As a Conservative, I would have preferred to see a solid majority for my party, but even three years ago it was clear to see that there was a real risk we might need to work with the Liberal Democrats to undo the damage of the disastrous Labour administration. Having seen coalition governments at work in New Zealand I knew that it was possible for supporters of different parties to work together for the good of the nation.
While supporters of these two parties disagree on much (notably Europe), there is much common ground. The Lib Dems I work with are generally described as "Orange Bookers", whose policy recommendations are often more ambitious than those of the Conservative Party. The Orange Book called for ambitious reform of the NHS, which while not as bold as Dan Hannan’s proposals for health savings accounts advocated in "The Plan", shamed the Conservative Party’s official position. Even in the Lib Dem manifesto, they bravely refused to “ring fence” the NHS from spending cuts.
While coalition governments will have challenges, they also offer opportunities. None more so than to transform the image of the Tory Party. The lame attempts by socialists to claim the mantle of “progressive” should now be laid to rest. One look at the current state of the British economy should dispel any notion that 13 years of Labour government has seen progress. Despite David Cameron’s generous acknowledgement of advances in tolerance and openness seen in the last decade, I would argue that the majority of this has come from the bottom up, rather than led by the government. Remember, only the Conservative Party has been progressive enough to elect a woman as its leader.
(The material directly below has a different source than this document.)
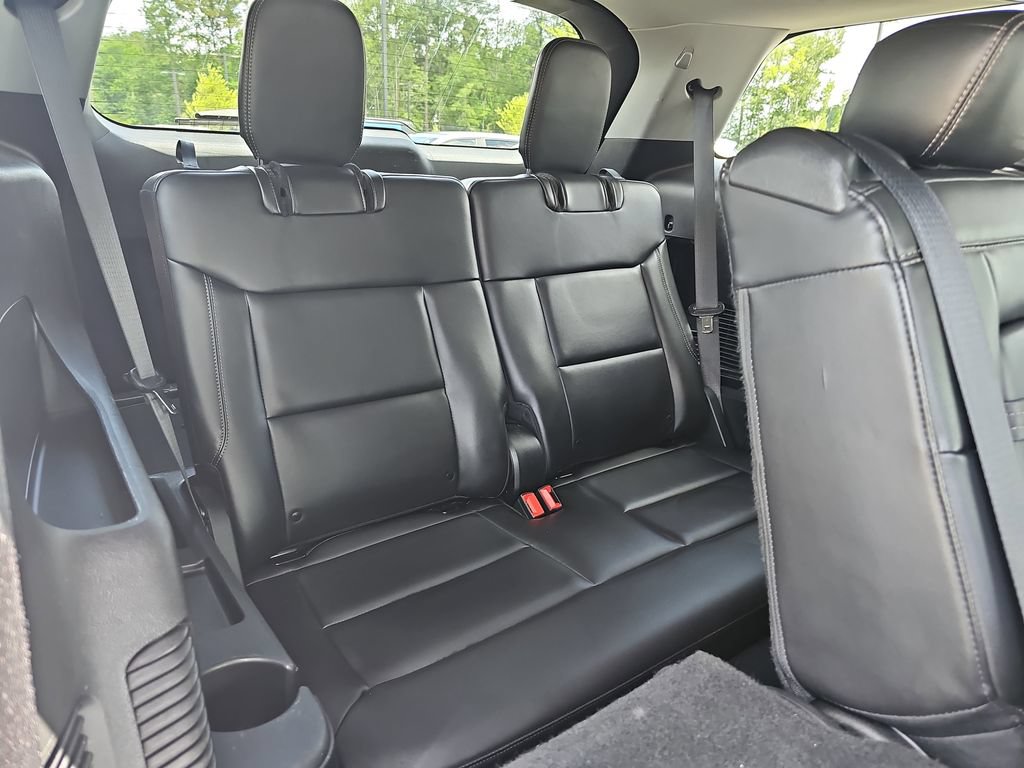 Used 2023 Ford Explorer XLT w/ Equipment Group 202A AWD/4WD image 16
Hopefully, this coalition will also help dispel the myth that the Conservative Party is here to serve to interests of the rich. As a non rich supporter of the Conservative Party I know that it is capitalism and free societies that allow social mobility, not the clunking fist of the state. It is the poorest who are suffering most in this economic downturn and they are the ones who will benefit most from sensible economic policies. Yes, the rich will benefit from a strong economy, but this is a very welcome side effect, not a goal.
After a decade of regressive Labour Party policies, I look forward to bold policies to achieve real progress. In this current climate, this can be best be achieved by combining the best in both the Conservative and Liberal Democrat parties.